Ana Rosa da Silva: O Raimundo é um cavalheiro distinto com um futuro bonito. Ora, deixem falarem o que quiserem. Ele será um marido de encher as medidas!
Darico Nobar: Mas, Anica, é revoltante a maldade saindo das bocas de tantas pessoas pretensamente cultas e educadas.
Ana Rosa da Silva: Há gente para tudo nesta vida! Credo!
Darico Nobar: Juro que fico revoltado quando o chamam de “cabra cheio de fumaças”, de “mancebo de cor de senzala”, “filhote de bode”, “macaquinho criado em Coimbra”, “bastardo alforriado” e “moreno suspeito”?
Ana Rosa da Silva: O que é isso?! Santo Deus, o senhor está falando como a vovó.
Darico Nobar: A Sra. D. Maria Bárbara fala assim?
Ana Rosa da Silva: Fia-te. Fala coisas até piores. Ela não é muito escrupulosa a esse respeito. Ela acredita que preto é preto, branco é branco. Que português é português, brasileiro é brasileiro. E quanto menos confusão houver, melhor para todos.
Darico Nobar: De certo que a senhorita não concorda com esse preconceito.
Ana Rosa da Silva: Iche! Que ideia o senhor tem de mim? Tenho jeito de rapariga racista?! [O apresentador balança a cabeça para os lados com convicção]. Ora, não me faça perguntas indelicadas.
Darico Nobar: Desculpe-me, minha filha. É que diante de tantos absurdos que ouvimos por aí, acabamos sem saber o que cada um pensa de verdade.

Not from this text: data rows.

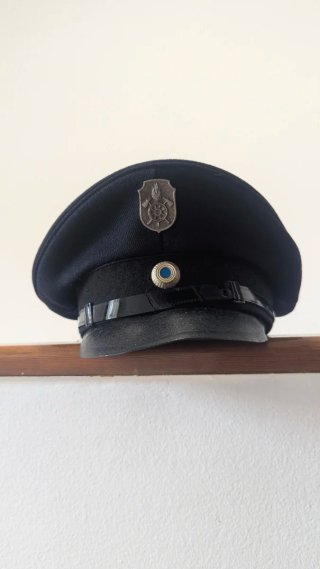 Gorra de Uniforme de Bomberos de Alemania
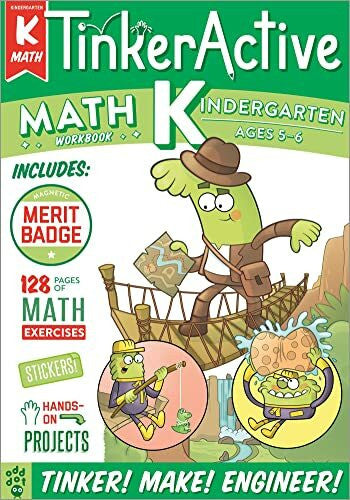 House, Randi Kindergarten Math (Tinkeractive Workbooks, 1)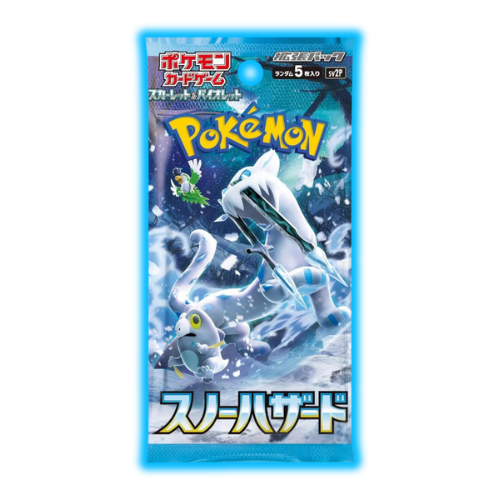 Snow Hazard Japanese Pokemon Booster Pack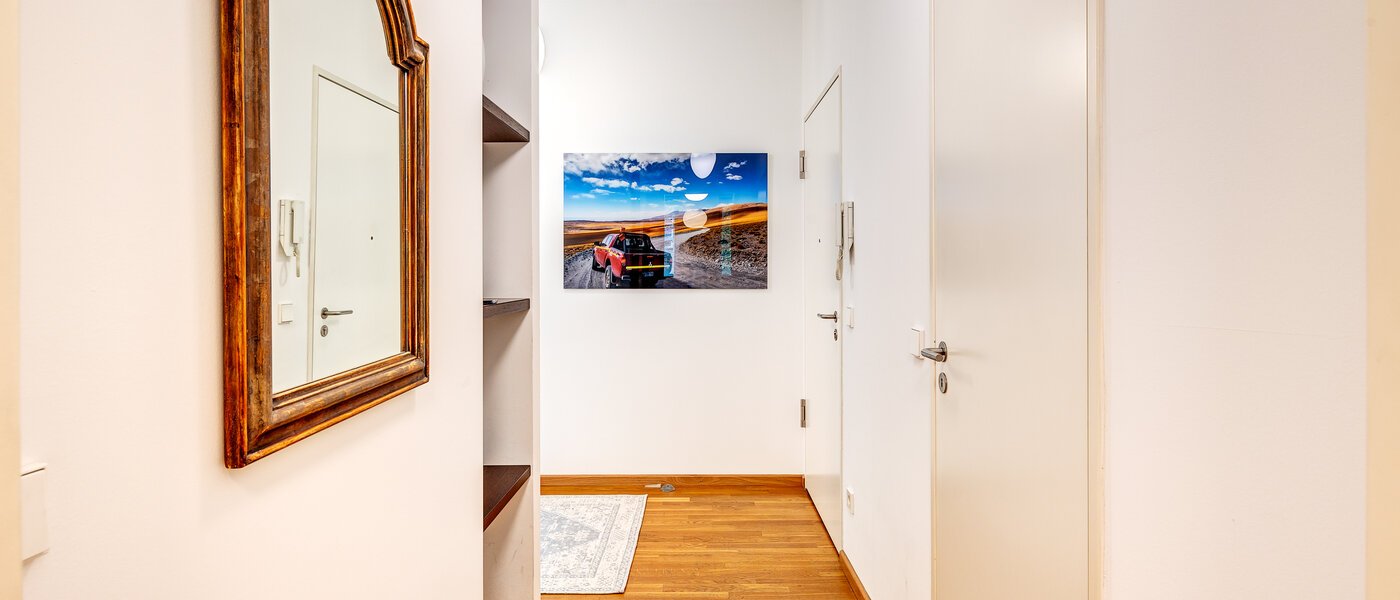 квартира München Sendling 03 коридор 13087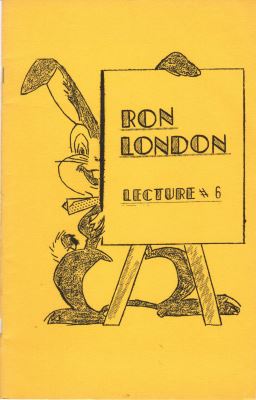 Ron
              London Lecture #6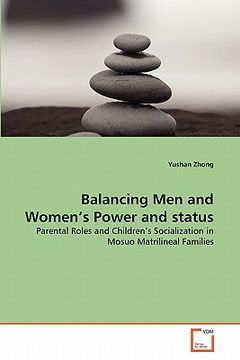 portada balancing men and women's power and status (en Inglés)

Ana Rosa da Silva: Não fique maçado comigo. [Sorve tranquilamente um gole de chávena de café]. Sei que o senhor não é preconceituoso. Por isso, faço questão de sua presença lá no sítio da vovó na próxima Festa de São João. Será deveras um evento muito importante para mim. [Pega-lhe as mãos com afeto]. O senhor vai, não vai?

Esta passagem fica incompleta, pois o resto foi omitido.